Javier Mariás, Berta Isla
NRF, Gallimard, 587 p,
Livre reçu dans le cadre de La Communauté Culturelle Leclerc.
Le récit commence avec Berta et passe du « elle » au « je ». Il alterne ensuite avec Tomás (Thomas / Tom) et passe de la même manière du « il » au « je ». Ainsi, le roman entrelace la vie et la voix de la femme avec ses multiples interrogations, frustrations, conjectures et fantasmes, et celles de son mari avec les conséquences de son choix.La longue mise en place raconte la jeunesse des deux protagonistes dans une période chargée historiquement : en Espagne, c’est la fin de l’ère franquiste et en France, c’est la révolte des étudiants, Berta a 18 ans en 1969 (Tomás est légèrement plus âgé). Ils profitent d’une liberté sexuelle à la mode, dans un pays où la dictature a fait régner une justice aléatoire ou commanditée. Ces deux facteurs vont se refermer comme un piège sur Tomás.
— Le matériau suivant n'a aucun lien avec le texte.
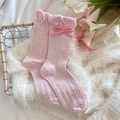 Pink crew socks with sweet bow detail, ruffled cuffs, and elegant cable knit pattern - Twist Pattern Pink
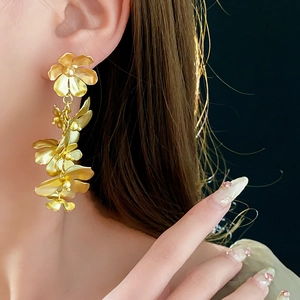 Gros plan de boucles d'oreilles fleurs dorées avec des pétales métalliques et des feuilles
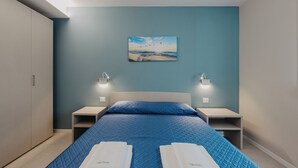 A bedroom with a bed, two bedside tables, a nightstand, a wall-mounted painting, and a wardrobe. - Modern apartment with pool a few steps from Lake Garda (Padenghe Sul Garda)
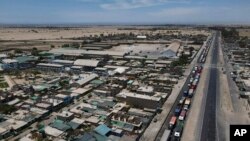 ARCHIVO - Los camiones están atascados en la carretera Panamericana debido a un bloqueo de carreteras por parte de manifestantes contra el gobierno y el Congreso de la presidenta Dina Boluarte en Ica, Perú, el viernes 6 de enero de 2023.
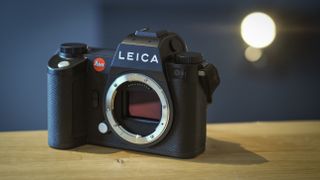 Leica SL3 camera on a wooden surface against a blue background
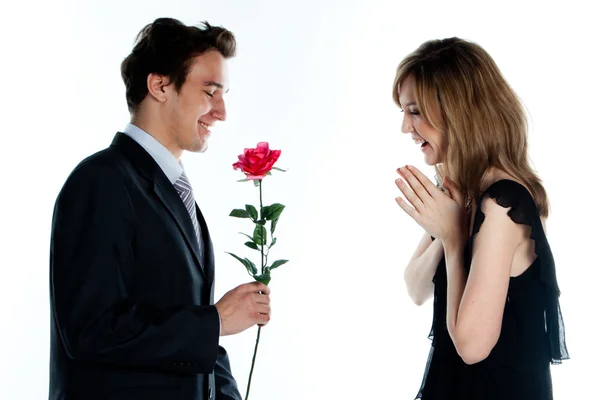 Man gives a woman flowers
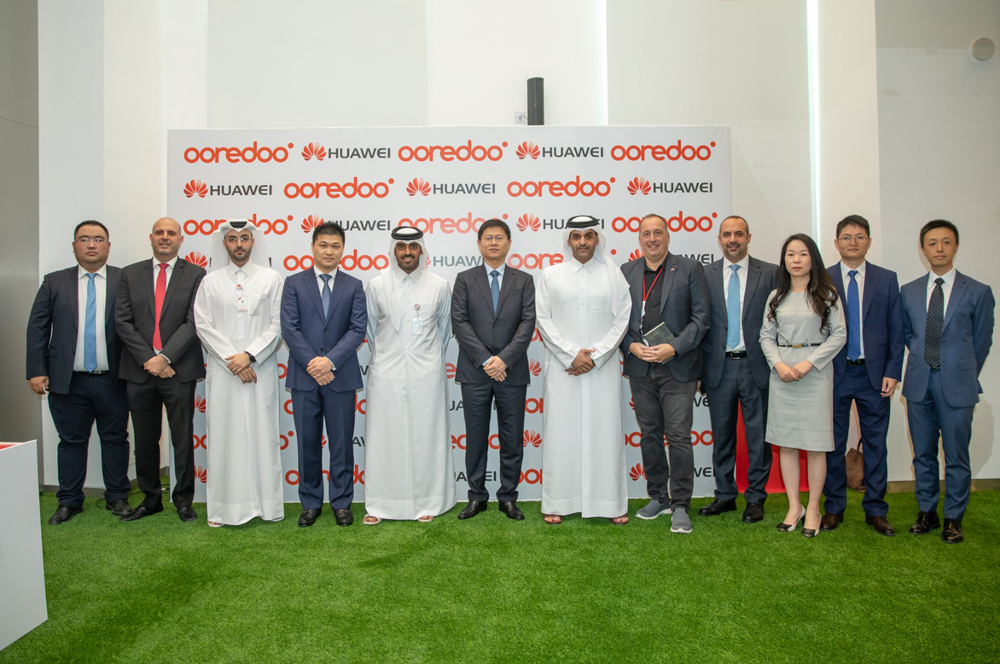 Ooredoo and Huawei officials during the ceremony.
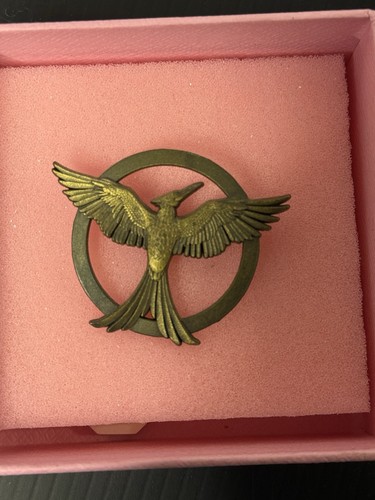 The hunger games bird logo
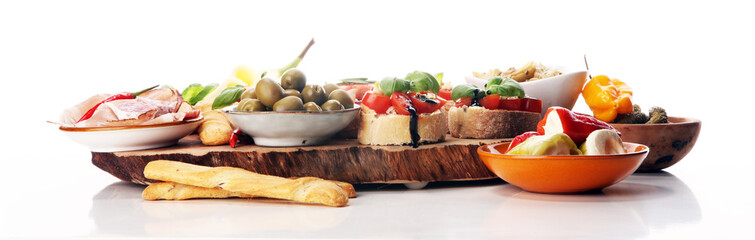 Italian antipasti wine snacks set. Cheese variety, Mediterranean olives, pickles, Prosciutto di Parma, tomatoes, artichokes - obrazy, fototapety, plakaty
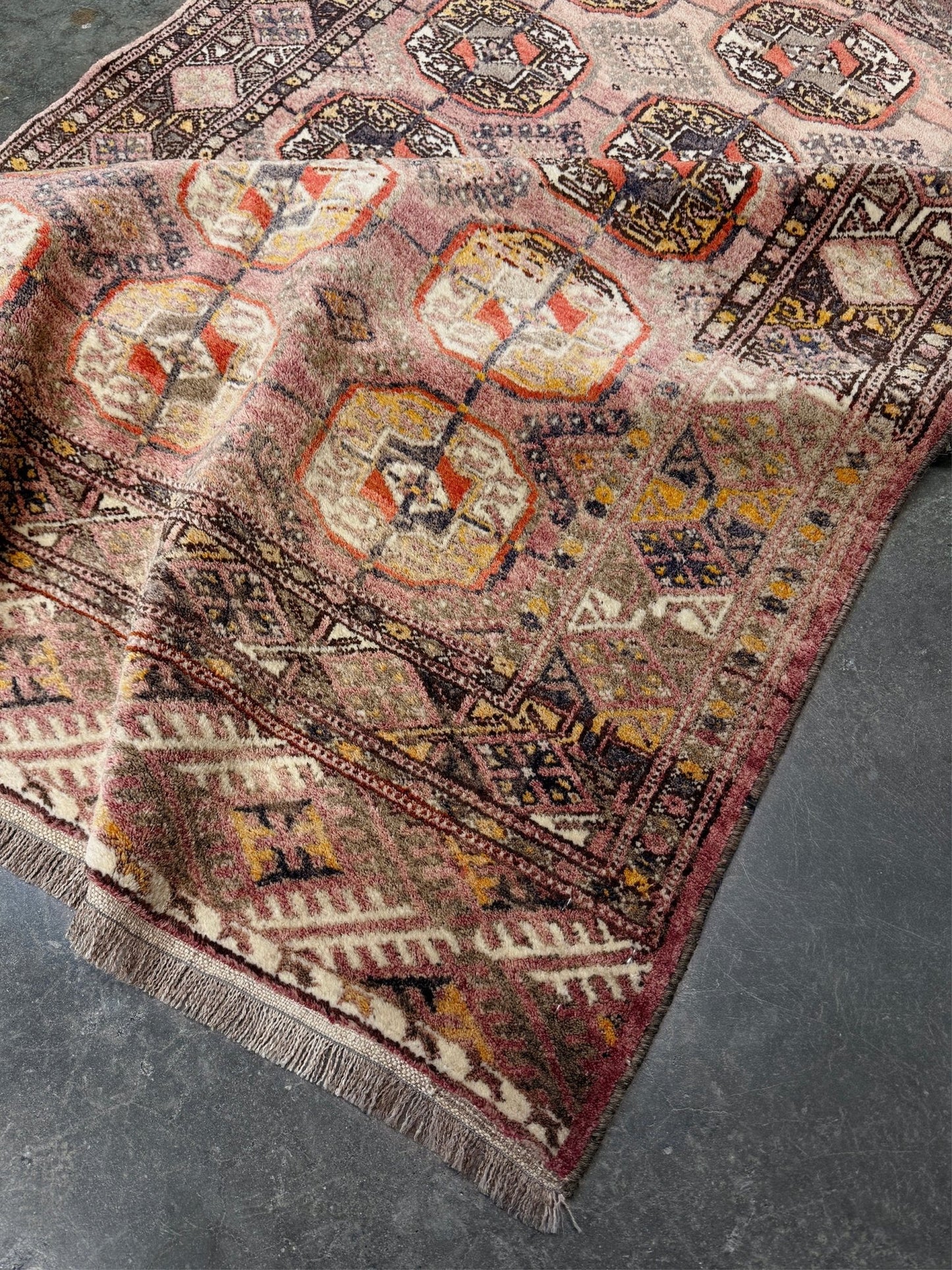 Earthy Muted Bukhara Turkmen rug  vintage handwoven wool carpet with tribal gul motifs and aged patina, 4x5 neutral area rug for entry under desk nursery, living room, bedroom, study, office.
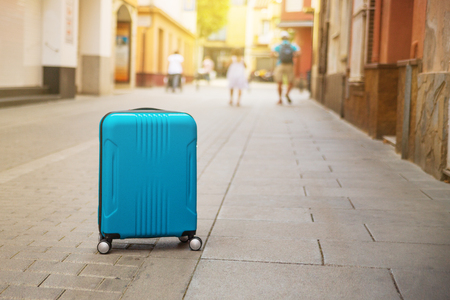 Blue suitcase on European city street, tourism in Europe, travel background Copy spaceの写真素材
Au début, les phrases sont longues et ralentissent la lecture, retiennent l’impatience et retardent les événements (elles deviennent plus courtes ensuite). L’écrivain espagnol fait référence à Faulkner dont les phrases « s’étiraient sur des kilomètres » (p 434). Lequel aurait répondu qu’il n’était « jamais sûr d’être encore en vie pour commencer la suivante ». Berta dit qu’il en allait de même pour elle et qu’elle « avait peur de mourir ou, plutôt (…) de tuer Tomás ». Javier Mariás s’associe-t-il donc à Faulkner ?
Quoi qu’il en soit, il faut attendre la page 195 pour que « l’incident » survienne et déclenche la prise de conscience de Berta. Jusque-là, elle vit dans l’île (en effet) qu’elle a circonscrite dès son adolescence, ignorant la vie réelle de son mari. Les menaces des Kindelán la pousse à demander des explications qu’elle n’obtient que partiellement. Tomás ne lui dira jamais qu’il a été l’objet d’une manipulation (meurtre de Janet) qui l’a forcé à devenir « personne », seule façon de devenir « Quelqu’un », afin de se tirer de ce mauvais pas. Commencent alors une vie et un temps parallèles, une moitié de vie pour une Pénélope qui attend son Ulysse.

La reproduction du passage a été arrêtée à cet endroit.